# Gun bill getting pushed....



## Chuck Smith (Feb 22, 2005)

https://www.congress.gov/bill/117th-con ... /text?s=01

Here are a few points...

1. Registrations on all firearms

2. Registrations for all ammo

3. Restrictions on ammo

4. If you "loan" a gun to someone... you need to fill out a form. IE: Plainsman needs my 22-250 to go coyote hunting for the weekend... I need to have him fill out a form. Or if plainsman comes to MN with his grandchild and needs a 20 ga. Slug gun to hunt deer... I have to have them fill out a form to use.

5. GET A NATIONAL DATA BASE OF WHO OWNS GUNS..... isn't that the exact reason why the 2A was written.... oke:

6. You need a "license" to own or possess a firearm.

7. Some sort of "background check" to obtain a license. HMMMM.... a back ground check is now preformed to purchase a firearm.

8. A psychological evaluation is conducted to get a "license".... so you are at the whim of a psychologist now to say yes or no... think of the old collesium days when Cesar would give a thumbs up or down to see if a gladiator shall live... it will be the same to see if you want to purchase a firearm.
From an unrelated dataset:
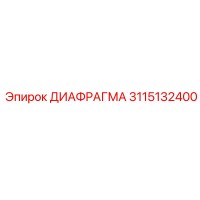 3115132400 ДИАФРАГМА Epiroc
9. YOu need a "license" to "display" an antique firearm in your residence.....ie: If you want to hang the old double on the wall you need to have a license.

10. If you own a "millitary" style gun you need a license..... isn't a berretta 92 9mm pistol a "millitary" style gun? Or the Sig P320 9 MM pistol? How about an home defense 12 ga... mossberg, remington, etc. Are they not "millitary" or used by the "millitary"... you do know that most "sniper" rifles are still based on the Rem 700 rifle platform... so are those considered "millitary"?

11. All of the "licenses" you need to pass course saying you know how to secure them in your home, how to store them properly, and live fire training..... and it is 24 hours of this "training" you will need.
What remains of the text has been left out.